You can point out that this is starting to affect your relationship and ask him to get help before things take a wrong turn
Illustration/Uday Mohite
I have been in a relationship for four years and we have been struggling to stay excited about each other. We know things cool off after a point and have tried our best to freshen things up in all kinds of ways, but it is starting to feel as if this is a chore. My partner and I both hate this feeling because we genuinely love each other and believe we will spend the rest of our lives together. At the same time, if this is how things are after just four years, how will we manage to keep this spark alive a decade or two from now? We have been considering therapy but don’t know if this is a sign that our relationship is fading rather than evolving. What should we do?

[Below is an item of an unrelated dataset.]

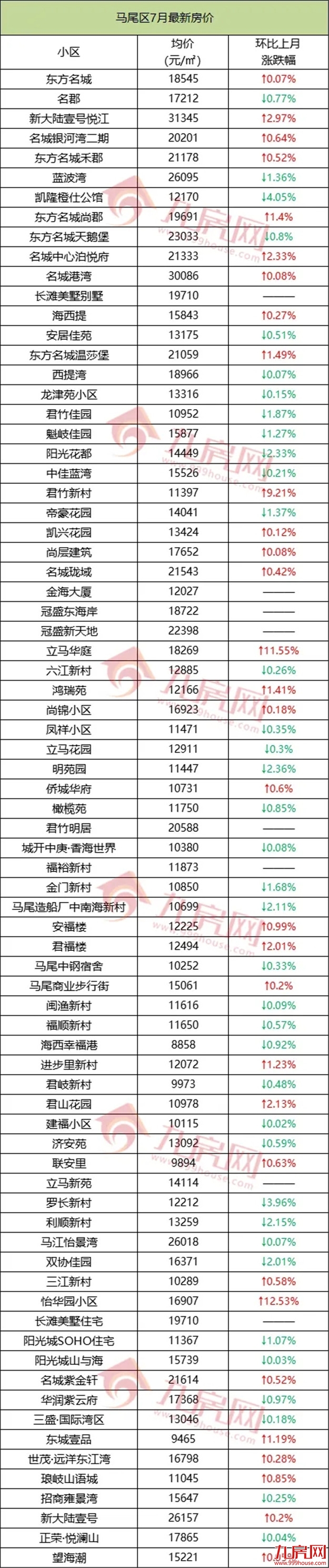 扎心！超5成都在降！刚刚，福州801个热门小区涨跌幅曝光!——九房网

You’re doing the right thing by speaking to a professional, because it means you are both acknowledging that things need to change. Self-awareness is terribly important and the fact that you are both concerned and want to make this work is a sign of evolution even if it doesn’t seem that way. All relationships go through ups and downs, some more difficult than others, but asking for help is never a sign of weakness, nor is it an indication that things have begun to slow down. It’s easy to be pessimistic about this, but keep in mind that dialogue and expert advice can go a long way towards not just making things work in the near future, but in the years to come, because you will both be armed with coping mechanisms and ideas for how you can take this to the next level. Wanting to be together is half the battle won, so don’t give up just yet.
My significant other is always angry and makes me feel as if it is my fault. How can I change this habit?
You can point out that this is starting to affect your relationship and ask him to get help before things take a wrong turn.